President Barack Obama will award the Medal of Honor to 24 Army veterans found worthy after a review of those who may have been overlooked because of their racial or ethnic backgrounds.
The decision to honor the veterans–including 19 who are Hispanic, Jewish, and African-American–with the nation’s highest military commendation follows a Congress-mandated review to ensure that eligible recipients were not bypassed because of prejudice.
Three of the recipients are still living, having served in the Vietnam War. All of the veterans had been recognized with the Distinguished Service Cross, the nation’s second highest military award, from service during Vietnam, the Korean War, and World War II.
All but one of the recipients are enlisted men, from privates to master sergeants. One is a World War II first lieutenant.
The White House ceremony will be held on March 18.
The Army conducted the 12-year review under a directive from Congress in the 2002 National Defense Authorization Act. The law required that the record of each Jewish American and Hispanic American veteran who received a Service Cross during or after World War II be reviewed for possible upgrade to the Medal of Honor.
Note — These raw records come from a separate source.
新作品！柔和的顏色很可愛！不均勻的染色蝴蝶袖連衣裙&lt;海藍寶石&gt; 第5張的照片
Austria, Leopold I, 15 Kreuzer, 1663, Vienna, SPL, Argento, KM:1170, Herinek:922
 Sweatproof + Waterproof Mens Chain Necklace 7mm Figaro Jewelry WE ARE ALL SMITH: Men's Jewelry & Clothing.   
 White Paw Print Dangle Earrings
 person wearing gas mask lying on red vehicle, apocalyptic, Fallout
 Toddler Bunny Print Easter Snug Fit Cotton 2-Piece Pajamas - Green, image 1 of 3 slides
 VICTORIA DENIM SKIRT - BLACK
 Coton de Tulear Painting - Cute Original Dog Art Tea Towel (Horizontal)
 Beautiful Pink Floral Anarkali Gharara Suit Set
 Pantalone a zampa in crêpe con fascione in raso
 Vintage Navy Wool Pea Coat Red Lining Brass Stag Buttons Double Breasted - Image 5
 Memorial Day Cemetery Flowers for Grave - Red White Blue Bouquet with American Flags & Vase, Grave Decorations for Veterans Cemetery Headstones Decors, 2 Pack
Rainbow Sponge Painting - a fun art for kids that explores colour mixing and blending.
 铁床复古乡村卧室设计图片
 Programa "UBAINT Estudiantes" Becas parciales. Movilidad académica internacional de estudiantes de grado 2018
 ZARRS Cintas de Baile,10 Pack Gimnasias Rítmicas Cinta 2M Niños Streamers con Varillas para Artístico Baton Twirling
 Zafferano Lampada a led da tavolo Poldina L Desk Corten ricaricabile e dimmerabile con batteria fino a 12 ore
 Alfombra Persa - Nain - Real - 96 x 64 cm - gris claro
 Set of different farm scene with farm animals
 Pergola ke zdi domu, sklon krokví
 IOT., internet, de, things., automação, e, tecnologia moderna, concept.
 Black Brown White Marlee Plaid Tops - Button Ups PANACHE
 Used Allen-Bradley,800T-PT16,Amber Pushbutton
The Pentagon said the Army reviewed the cases of the 6,505 recipients of the Distinguished Service Cross from World War II and the Korean and Vietnam wars and found an eligible pool of 600 soldiers who may have been Jewish or Hispanic.
The Army also worked with the National Museum of American Jewish Military History, the Jewish War Veterans of the USA and the American GI Forum, the largest Hispanic-American veterans group, to pinpoint potential medal recipients.
Of the 24, eight fought in the Vietnam War, nine in the Korean War, and seven in World War II.